Likewise, the price of gold isn't an economic object or aim in itself; it's a price signal. It tells you what's going on in the economy.
And gold at the levels I'm talking about would mean that you've now verged into hyperinflation, or something close to it, because nothing happens in isolation.
Once expectations shift toward inflation, which is happening, it can be dramatic. Though the rate of inflation has reduced since peaking in June 2022, inflation's not going away. People are now beginning to sense that.
Still, central banks will never voluntarily return to a gold standard. But if gold is such a barbarous relic, if gold has no role in the monetary system, if gold is a "stupid" investment, then why are the Russians and Chinese, among others, stockpiling gold hand over fist? Are they stupid?

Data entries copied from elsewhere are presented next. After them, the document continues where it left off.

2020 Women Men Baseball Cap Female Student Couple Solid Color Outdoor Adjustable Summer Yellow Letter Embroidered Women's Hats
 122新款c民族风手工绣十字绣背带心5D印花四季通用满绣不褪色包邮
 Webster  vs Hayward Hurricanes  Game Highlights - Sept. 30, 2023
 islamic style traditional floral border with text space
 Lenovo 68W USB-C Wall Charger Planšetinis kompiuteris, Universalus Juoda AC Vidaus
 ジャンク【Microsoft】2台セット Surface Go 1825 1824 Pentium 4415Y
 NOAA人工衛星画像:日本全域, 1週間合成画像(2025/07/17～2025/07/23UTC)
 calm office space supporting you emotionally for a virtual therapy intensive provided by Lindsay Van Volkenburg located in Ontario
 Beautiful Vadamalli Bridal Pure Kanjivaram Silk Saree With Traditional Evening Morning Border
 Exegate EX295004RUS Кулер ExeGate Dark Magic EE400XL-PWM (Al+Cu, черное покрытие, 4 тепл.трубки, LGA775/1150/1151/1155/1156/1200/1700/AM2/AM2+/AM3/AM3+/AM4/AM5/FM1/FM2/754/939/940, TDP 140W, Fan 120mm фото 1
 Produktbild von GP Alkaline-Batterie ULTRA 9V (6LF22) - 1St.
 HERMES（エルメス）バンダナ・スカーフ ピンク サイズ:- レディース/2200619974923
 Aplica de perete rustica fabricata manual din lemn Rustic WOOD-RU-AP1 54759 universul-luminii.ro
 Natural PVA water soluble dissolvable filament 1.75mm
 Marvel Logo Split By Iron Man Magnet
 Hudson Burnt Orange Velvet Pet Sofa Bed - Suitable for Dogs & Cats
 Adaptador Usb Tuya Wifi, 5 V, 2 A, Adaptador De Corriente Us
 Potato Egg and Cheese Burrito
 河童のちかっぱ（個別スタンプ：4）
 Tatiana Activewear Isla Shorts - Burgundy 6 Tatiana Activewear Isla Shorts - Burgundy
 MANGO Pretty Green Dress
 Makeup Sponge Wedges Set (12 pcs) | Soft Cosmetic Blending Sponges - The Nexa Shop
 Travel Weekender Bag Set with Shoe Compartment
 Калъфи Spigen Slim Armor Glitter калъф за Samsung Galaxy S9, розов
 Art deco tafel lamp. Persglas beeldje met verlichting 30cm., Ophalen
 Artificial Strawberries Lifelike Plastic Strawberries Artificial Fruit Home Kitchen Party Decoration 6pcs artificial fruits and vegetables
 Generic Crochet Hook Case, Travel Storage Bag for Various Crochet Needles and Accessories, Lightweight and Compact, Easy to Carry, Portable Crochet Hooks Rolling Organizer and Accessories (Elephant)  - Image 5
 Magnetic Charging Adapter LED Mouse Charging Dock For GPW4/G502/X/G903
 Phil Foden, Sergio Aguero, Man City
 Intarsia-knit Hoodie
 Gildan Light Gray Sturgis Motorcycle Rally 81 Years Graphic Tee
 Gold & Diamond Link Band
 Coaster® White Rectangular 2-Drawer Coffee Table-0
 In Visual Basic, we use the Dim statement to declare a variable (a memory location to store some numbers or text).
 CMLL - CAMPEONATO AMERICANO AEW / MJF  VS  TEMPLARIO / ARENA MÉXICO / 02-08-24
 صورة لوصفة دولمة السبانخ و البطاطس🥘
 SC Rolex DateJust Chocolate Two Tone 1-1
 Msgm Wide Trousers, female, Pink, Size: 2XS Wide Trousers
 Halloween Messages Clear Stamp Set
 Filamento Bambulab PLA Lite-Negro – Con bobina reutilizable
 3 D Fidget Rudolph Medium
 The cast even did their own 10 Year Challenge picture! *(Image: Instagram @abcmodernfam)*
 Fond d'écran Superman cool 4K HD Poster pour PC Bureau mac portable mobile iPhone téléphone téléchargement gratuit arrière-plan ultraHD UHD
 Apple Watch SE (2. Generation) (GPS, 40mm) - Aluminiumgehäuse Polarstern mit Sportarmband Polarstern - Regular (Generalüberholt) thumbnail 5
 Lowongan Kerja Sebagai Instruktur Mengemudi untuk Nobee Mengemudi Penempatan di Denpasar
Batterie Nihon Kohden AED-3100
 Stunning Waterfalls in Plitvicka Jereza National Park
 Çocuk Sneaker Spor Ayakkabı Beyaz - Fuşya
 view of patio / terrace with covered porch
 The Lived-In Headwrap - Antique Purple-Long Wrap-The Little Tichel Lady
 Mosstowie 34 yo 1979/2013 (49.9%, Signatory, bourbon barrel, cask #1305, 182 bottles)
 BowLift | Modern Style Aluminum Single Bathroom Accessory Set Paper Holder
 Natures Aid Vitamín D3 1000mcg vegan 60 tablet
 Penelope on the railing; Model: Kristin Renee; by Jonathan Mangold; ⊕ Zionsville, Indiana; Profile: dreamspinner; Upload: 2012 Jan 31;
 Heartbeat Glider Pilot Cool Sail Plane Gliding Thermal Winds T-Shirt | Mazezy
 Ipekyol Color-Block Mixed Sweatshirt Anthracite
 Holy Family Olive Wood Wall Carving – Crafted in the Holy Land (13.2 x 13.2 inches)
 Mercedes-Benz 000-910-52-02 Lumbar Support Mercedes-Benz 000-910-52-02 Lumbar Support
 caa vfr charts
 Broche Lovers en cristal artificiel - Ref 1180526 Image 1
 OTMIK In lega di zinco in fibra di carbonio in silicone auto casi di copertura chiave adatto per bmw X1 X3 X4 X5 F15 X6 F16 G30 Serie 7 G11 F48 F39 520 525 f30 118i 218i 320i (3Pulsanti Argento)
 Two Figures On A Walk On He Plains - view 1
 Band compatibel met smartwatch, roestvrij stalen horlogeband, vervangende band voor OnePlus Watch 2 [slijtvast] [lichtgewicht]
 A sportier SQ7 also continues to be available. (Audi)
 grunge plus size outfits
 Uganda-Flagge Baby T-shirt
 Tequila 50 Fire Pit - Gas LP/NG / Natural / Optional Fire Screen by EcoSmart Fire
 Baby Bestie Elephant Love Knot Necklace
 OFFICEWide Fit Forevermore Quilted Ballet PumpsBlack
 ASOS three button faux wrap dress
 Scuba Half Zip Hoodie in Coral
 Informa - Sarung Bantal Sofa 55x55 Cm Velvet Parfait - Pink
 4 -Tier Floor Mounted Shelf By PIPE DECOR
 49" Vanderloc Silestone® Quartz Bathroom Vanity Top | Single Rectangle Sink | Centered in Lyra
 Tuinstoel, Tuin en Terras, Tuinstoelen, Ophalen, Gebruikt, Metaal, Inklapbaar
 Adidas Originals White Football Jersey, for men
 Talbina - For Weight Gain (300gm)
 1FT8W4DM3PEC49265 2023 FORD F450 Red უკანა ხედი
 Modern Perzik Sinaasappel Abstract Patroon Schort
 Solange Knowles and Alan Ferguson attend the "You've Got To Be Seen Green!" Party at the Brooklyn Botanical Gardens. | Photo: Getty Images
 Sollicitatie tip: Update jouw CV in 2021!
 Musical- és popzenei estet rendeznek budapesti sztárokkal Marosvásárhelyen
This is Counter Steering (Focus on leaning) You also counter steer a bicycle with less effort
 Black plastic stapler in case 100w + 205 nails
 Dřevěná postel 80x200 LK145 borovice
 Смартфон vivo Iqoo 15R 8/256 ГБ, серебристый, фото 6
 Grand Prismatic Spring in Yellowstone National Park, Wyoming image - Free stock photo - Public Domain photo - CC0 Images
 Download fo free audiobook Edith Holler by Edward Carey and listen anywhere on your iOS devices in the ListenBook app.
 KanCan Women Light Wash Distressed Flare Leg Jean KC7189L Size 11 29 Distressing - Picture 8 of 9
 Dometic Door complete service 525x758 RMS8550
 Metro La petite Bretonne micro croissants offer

Well, I've spoken with many of them and I can assure you they're not stupid. But if there's a run on paper currencies (which is entirely possible) or borderline hyperinflation (also possible), central banks may have to go to a gold standard. Not because they want to, but because they find it necessary to calm the markets.
I suggest you buy your gold at current levels – around $2360 – and ride the wave up to much higher levels. It'll protect your wealth in the days ahead. Like every market, it will fluctuate. Nothing goes up in a straight line. But you want to focus on the longer-term picture. And it looks very bright for gold.
So I invite you to go on your own personal gold standard. One day, the rest of the world may join you.